# Exercise requirements
Leave the images aside and repeat the whole listing exactly.

# Raw data
▶
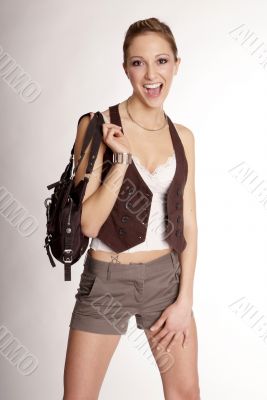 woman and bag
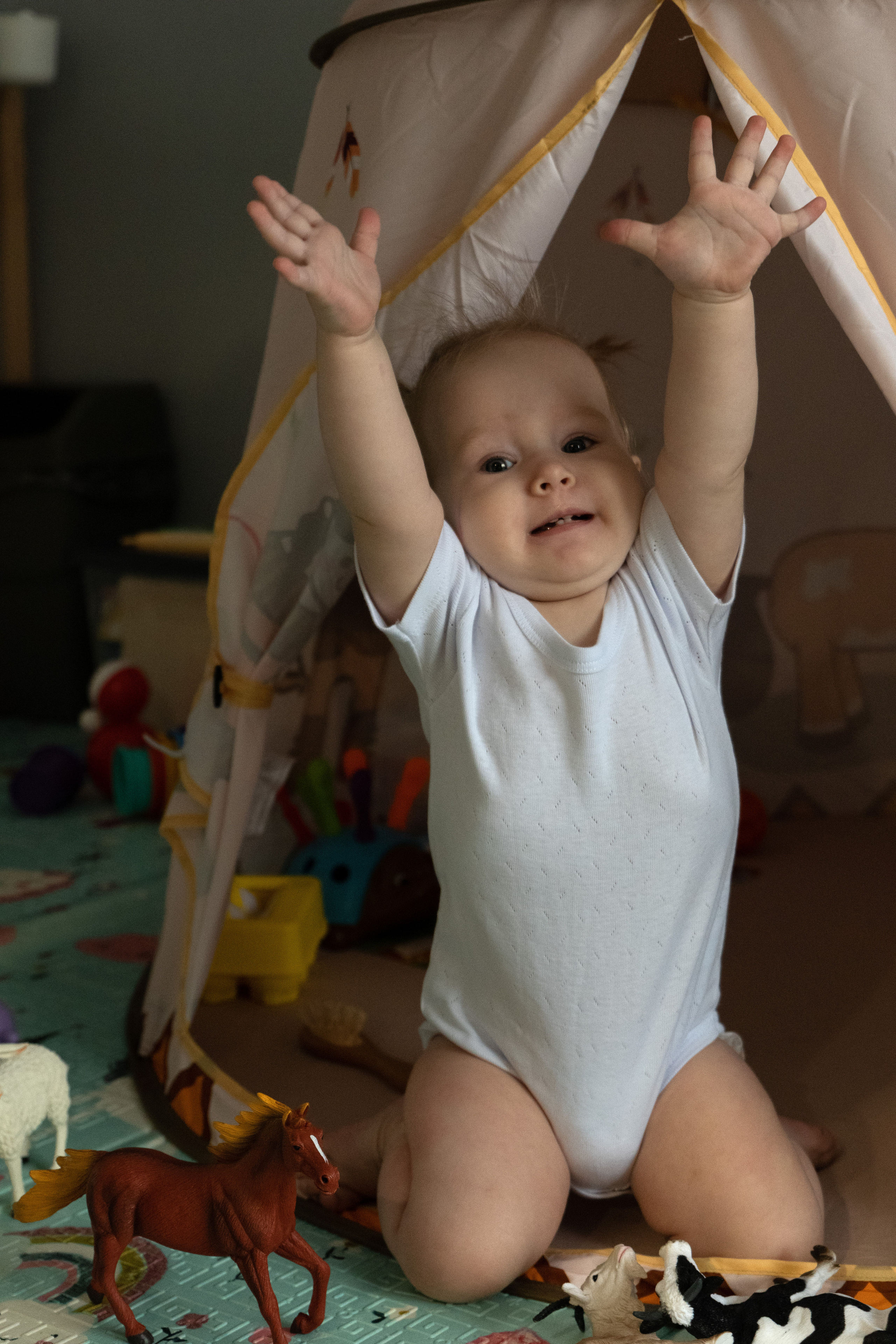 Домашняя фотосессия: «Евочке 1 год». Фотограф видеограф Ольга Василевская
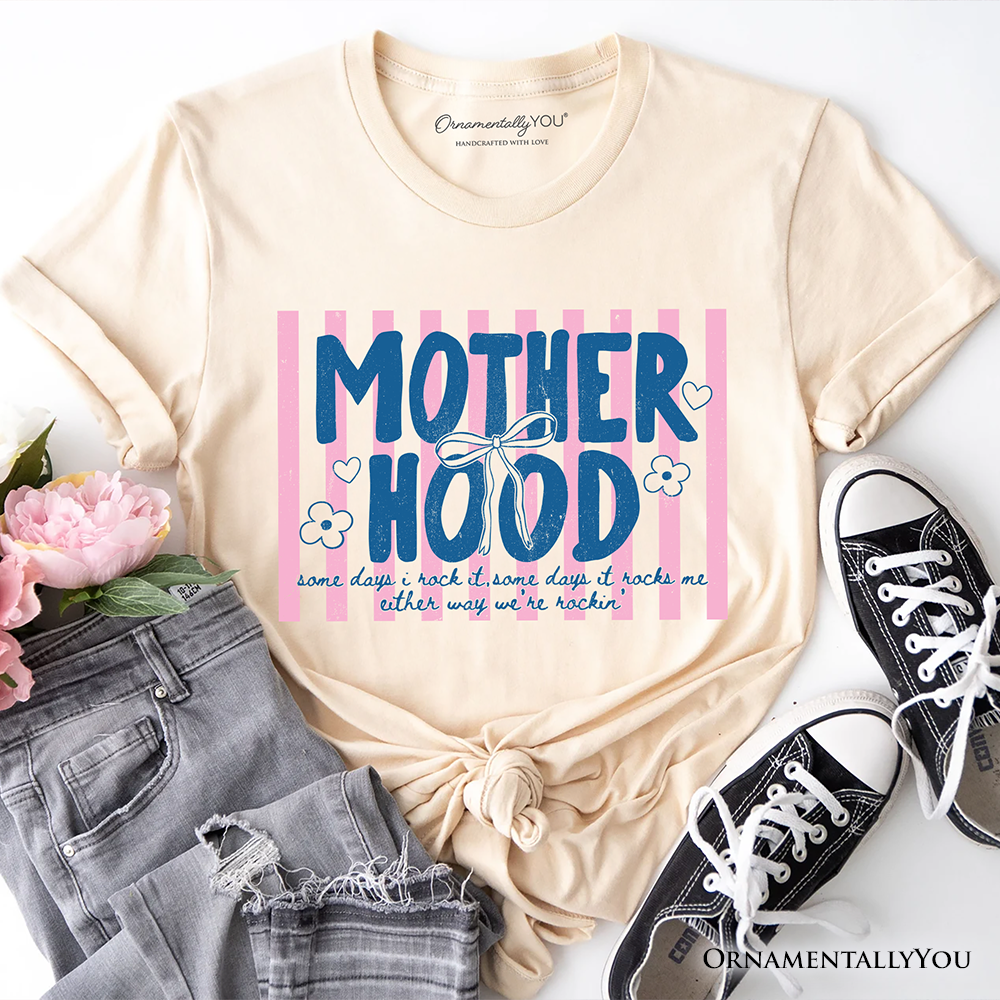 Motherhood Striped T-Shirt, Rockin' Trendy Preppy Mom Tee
◀
# Solution for this exercise
 woman and bag
 Домашняя фотосессия: «Евочке 1 год». Фотограф видеограф Ольга Василевская
 Motherhood Striped T-Shirt, Rockin' Trendy Preppy Mom Tee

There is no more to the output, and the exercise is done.